March 28, 2005

Marlene Dumas

Marlene Dumas
"I paint because I am a woman.
(It's a logical necessity.)
If painting is female and insanity is a female malady, then all women painters are mad and all male painters are women.
I paint because I am an artificial blonde woman.
(Brunettes have no excuse.)
If all good painting is about color then bad painting is about having the wrong color. But bad things can be good excuses. As Sharon Stone said, "Being blonde is a great excuse. When you're having a bad day you can say, I can't help it, I'm just feeling very blonde today."
I paint because I am a country girl.
(Clever, talented big-city girls don't paint.)... "

The above is part of a postcard by South African born artist, Marlene Dumas. New York Times article, Marlene Dumas's Number Comes Up brought her to my attention with the startling and refreshing news: "...Marlene Dumas, a 51-year-old South African-born painter who now bears the odd distinction of commanding the highest price for a living female artist at auction.
In 2002, the record for Ms. Dumas's paintings, only a few of which had come to auction, stood at about $50,000. Yet last month at Christie's in London, after a bidding war between two dealers, her 1987 painting "The Teacher," a rendering of a posed class photograph, went for a startling $3.34 million." Wow!

This is good news for those of us who see the high art world as (traditionally) dominated by white men.

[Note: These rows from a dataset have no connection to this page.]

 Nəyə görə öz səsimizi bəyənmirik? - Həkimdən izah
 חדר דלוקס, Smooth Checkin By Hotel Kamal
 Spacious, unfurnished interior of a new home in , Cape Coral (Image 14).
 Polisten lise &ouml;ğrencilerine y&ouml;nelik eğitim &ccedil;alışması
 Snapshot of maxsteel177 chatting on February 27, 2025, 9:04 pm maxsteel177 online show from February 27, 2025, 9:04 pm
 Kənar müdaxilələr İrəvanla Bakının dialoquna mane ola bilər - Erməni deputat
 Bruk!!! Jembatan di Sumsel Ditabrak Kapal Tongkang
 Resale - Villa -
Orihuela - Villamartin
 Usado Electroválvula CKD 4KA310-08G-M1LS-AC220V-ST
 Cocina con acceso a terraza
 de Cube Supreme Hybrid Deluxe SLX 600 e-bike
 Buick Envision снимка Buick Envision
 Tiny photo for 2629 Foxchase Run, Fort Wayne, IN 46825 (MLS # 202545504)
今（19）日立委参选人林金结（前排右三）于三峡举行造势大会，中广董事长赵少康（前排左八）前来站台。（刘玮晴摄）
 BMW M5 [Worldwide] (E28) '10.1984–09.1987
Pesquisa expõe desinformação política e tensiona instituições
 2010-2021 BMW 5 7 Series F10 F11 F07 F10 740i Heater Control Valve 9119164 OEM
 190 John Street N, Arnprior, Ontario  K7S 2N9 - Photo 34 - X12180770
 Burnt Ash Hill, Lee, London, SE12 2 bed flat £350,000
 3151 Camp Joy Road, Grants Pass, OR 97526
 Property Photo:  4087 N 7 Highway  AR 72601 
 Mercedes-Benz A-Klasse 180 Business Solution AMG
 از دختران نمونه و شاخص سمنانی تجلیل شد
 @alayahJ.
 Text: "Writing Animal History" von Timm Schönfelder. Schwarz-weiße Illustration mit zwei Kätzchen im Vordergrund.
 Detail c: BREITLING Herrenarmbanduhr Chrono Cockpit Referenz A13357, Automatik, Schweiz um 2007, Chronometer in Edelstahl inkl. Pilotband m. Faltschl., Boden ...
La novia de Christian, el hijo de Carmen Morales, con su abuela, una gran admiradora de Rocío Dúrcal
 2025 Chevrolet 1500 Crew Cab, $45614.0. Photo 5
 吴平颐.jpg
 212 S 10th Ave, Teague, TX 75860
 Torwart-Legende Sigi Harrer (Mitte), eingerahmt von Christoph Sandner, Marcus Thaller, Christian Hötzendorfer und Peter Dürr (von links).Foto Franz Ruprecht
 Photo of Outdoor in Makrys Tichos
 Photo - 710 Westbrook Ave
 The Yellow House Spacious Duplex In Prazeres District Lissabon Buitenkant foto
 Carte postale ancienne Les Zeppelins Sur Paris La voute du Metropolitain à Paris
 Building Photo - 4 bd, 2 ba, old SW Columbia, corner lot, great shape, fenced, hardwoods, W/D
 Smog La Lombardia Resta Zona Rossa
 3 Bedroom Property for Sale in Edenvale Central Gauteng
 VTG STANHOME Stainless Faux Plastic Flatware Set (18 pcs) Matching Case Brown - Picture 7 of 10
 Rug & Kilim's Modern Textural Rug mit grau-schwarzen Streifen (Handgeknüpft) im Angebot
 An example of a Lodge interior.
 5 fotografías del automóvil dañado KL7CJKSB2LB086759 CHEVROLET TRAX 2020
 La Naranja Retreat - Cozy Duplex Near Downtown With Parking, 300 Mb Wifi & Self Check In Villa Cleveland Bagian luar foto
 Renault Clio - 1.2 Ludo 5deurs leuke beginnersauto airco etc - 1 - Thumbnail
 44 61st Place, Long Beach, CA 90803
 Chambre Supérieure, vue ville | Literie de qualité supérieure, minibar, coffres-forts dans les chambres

Dumas is a foreigner and paints blatantly erotic imagery. These two factors do lower the bar for entry into the men's club of high dollar art. Europe has long been comfortable with buying the works of women artists and - sex sells. But there is much more to Dumas' work than a simple formula of sexual exploration. She is an artist who is successful at getting others to glimpse the world through her world view. She creates head-shot portraits and are riveting and revealing.

"...Dumas has cultivated a unique position within the world of figurative painting since the early 1980s, focusing on how the human body is translated into an image. Dumas does not use models, but instead takes her images from mass media and popular culture sources, particularly newspapers and television. According to Dumas, "what interested me was to make a statement about peoples' frames of mind and the relationships between them." Dumas' pictures impress with their urgent realism--but within their provocative energy lurk provocative questions about gender, identity, oppression, sexual and ethnic violence, and the situation of women and minorities; Dumas is always seeking to initiate new thought processes and critical strategies." from the book One Hundred Models and Endless Rejects

For a 2002 show of Dumas' works, The New Museum wrote, "Dumas's words and images refuse singular meaning, yet they frame serious political and ethical questions about apartheid, race, gender, and sexuality. By retaining- even insisting on- ambiguity, Dumas skillfully keeps complicated, open questions just that: questions."